# Better Model

#### Use hyperas for hyperparam tuning

In [1]:
import pandas as pd
import numpy as np
from bs4 import BeautifulSoup
from sklearn import preprocessing

In [3]:
import polyglot
from polyglot.text import Text, Word
from polyglot.mapping import Embedding
from keras.preprocessing import sequence

Using TensorFlow backend.


In [4]:
from sklearn.model_selection import train_test_split
from sklearn.metrics import accuracy_score

In [5]:
from keras.utils import np_utils
from keras.layers import Input, Dense, LSTM, Activation
from keras.models import Model, Sequential
from keras import optimizers

In [6]:
from hyperopt import Trials, STATUS_OK, tpe, rand
from hyperas import optim
from hyperas.distributions import choice, uniform, conditional

In [7]:
def data():
    MAX_WORD_COUNT = 150
    class TextClassificationDataSet(object):
        def __init__(self, 
                     file_path,
                     word_embedding='./polyglot/embeddings2/zh/embeddings_pkl.tar.bz2',
                     MAX_WORD_COUNT=MAX_WORD_COUNT,
                     text_col_name='text',
                     label_col_name='tags',
                     one_hot_encoder=None):
            self.MAX_WORD_COUNT = MAX_WORD_COUNT

            self.df = pd.read_csv(file_path)
            self.text_col_name = text_col_name
            self.label_col_name = label_col_name

            if label_col_name is not None:
                self.label_encoder = self._fit_label_encoder(label_col_name)
                self.onehot_encoder = self._fit_onehot_encoder()
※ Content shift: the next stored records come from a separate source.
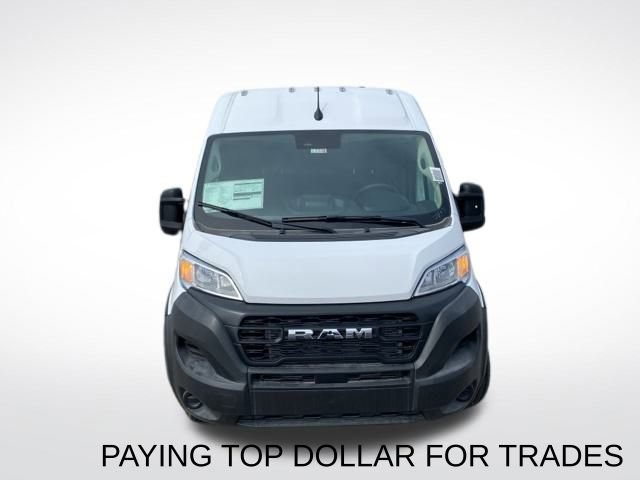 New 2025 RAM ProMaster 3500 w/ Power Group image 9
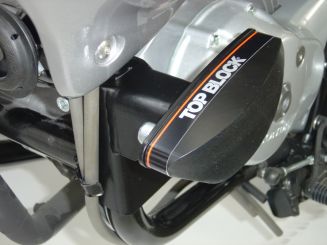 Sturzpads für Honda VARADERO 125 Crash Pad's / Slide Protector / New Desgin-Version 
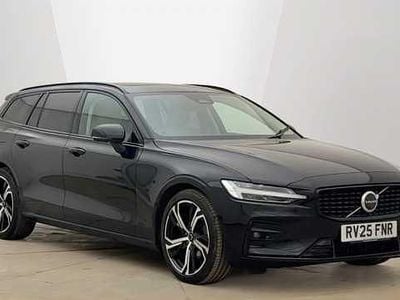 Used Volvo V60 Ultra 197 HP (144 kW) 2025 Estate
            if one_hot_encoder is not None:
                self.one_hot_encoder = one_hot_encoder

            self.embeddings = self._load_word_embeddings(word_embedding)

            self.features = None
            self.labels = None

        def get_features(self, use_cache=True):        
            if use_cache and self.features is not None:
                return self.features
            clean_text_col = self._get_clean_text_col(self.text_col_name)
            self.features = np.array(clean_text_col.apply(lambda x: np.squeeze(self._article2vecs_simple(x, embeddings=self.embeddings, max_word_count=self.MAX_WORD_COUNT))).tolist())
            return self.features

        def get_labels(self, use_cache=True):
            if self.label_col_name is None:
                raise KeyError('label_col_name is None, unable to get labels from the input data.')
            if use_cache and self.labels is not None:
                return self.labels
            self.labels = self.onehot_encoder.transform(self.df['label_index'].values.reshape(-1, 1)).toarray()
            return self.labels

        def _parse_text(self, text):
            if isinstance(text, str):
                text_parsed = Text(text)
            else:
                text_parsed = text
            return text_parsed

        def _article2vecs_simple(self, article_text, embeddings, max_word_count):
            if isinstance(article_text, str):
                article_parsed = self._parse_text(article_text)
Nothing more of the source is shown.